The ILIR extends a tensor compiler to support indirect memory accesses and variable loop bounds. During code generation, CORTEX therefore has to handle expressions involving such uninterpreted functions. In order to perform simplification over such expressions, for purposes such as proving if certain bound checks are redundant, we use the Z3 SMT solver (De Moura & Bjørner, 2008).

#### A.2 Bounds Inference

We briefly mentioned in  $\S5.1$  how in a traditional tensor compiler, there is a one-to-one relationship between the dimensions of a tensor and the loops in the corresponding operator's loop nest.<sup>6</sup> This can be seen in Fig. 13. In the figure, two loops, each corresponding to a dimension of the tensor r are generated in IR (shown in the generated code on the right).
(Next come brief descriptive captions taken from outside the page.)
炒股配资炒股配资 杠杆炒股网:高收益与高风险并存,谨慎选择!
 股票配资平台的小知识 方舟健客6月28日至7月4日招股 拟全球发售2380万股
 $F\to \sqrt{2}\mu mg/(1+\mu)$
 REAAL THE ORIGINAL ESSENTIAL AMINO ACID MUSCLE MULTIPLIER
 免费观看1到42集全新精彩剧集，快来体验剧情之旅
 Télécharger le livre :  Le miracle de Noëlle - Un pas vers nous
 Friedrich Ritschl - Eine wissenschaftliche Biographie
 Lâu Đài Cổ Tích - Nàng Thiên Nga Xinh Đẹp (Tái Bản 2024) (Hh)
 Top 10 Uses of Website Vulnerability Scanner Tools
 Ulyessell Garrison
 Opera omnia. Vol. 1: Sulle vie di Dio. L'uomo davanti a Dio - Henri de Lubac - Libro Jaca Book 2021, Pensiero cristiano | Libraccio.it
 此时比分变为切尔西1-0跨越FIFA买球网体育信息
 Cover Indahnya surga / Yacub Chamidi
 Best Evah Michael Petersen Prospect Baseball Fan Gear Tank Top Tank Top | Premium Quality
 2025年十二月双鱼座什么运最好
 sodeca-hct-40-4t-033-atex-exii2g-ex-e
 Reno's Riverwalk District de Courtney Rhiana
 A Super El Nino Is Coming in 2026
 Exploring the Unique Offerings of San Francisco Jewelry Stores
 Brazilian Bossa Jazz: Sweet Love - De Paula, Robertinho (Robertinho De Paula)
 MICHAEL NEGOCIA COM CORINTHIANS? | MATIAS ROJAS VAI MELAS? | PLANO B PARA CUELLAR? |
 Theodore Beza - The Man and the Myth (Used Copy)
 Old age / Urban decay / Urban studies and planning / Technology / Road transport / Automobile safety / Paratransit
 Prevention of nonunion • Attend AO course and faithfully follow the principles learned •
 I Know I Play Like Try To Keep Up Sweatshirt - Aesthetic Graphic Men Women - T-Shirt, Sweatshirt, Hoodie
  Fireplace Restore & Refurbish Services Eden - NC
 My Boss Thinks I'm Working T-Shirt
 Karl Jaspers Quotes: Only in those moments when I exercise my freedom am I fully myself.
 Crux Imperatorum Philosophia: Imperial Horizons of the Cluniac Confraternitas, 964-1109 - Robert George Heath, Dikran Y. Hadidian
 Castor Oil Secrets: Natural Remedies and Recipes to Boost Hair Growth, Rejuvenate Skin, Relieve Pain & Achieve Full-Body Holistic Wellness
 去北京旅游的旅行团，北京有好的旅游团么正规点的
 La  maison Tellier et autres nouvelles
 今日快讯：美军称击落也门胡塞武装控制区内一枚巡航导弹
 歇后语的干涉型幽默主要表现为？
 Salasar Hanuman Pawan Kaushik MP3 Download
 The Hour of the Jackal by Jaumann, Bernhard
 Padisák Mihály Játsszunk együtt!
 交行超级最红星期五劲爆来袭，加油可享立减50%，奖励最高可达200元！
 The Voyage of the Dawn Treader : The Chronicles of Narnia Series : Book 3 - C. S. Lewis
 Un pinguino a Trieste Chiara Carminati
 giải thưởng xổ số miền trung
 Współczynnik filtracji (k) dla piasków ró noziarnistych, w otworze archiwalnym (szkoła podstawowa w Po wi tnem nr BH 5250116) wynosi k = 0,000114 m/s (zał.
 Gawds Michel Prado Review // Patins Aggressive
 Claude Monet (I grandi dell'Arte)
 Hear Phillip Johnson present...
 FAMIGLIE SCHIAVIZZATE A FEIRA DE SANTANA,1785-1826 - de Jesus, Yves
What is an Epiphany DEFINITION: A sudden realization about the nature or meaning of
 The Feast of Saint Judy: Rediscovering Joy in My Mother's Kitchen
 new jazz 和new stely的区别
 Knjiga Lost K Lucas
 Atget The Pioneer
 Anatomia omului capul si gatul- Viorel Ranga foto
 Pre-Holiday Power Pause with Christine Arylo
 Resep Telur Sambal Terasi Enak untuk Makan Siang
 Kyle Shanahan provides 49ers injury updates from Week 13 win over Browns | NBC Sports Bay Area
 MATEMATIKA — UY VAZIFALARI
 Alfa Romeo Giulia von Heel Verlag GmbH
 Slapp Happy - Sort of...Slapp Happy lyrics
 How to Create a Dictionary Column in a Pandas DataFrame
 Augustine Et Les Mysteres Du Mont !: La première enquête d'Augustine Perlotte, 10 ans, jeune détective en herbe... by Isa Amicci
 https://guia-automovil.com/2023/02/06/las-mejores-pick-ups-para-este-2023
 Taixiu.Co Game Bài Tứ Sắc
Figure 13. Element-wise matrix addition in a tensor compiler

We also saw how in the ILIR, this relationship needs to be explicitly specified. We do this by the way of *named dimensions*. Named dimensions are identifiers associated with tensor dimensions and loops, which allow us to explicitly specify and keep track of relationships between loops and tensor dimensions. Consider the ILIR in Listing 3, which shows the named dimensions annotated as comments. The dimensions of the tensor rnn are labeled with the named dimensions d\_node and d\_hidden. The tensor index dimension d\_node corresponds to the two loop dimensions d\_all\_batches and d\_batch.

Named dimensions also make the semantic meaning of loops and index expressions explicit. For example, the first dimension of the tensor rnn is labeled d\_node and corresponds to the space of all nodes. It, therefore, does not make sense to index rnn by b\_idx, the loop variable for the loop associated with d\_all\_batches.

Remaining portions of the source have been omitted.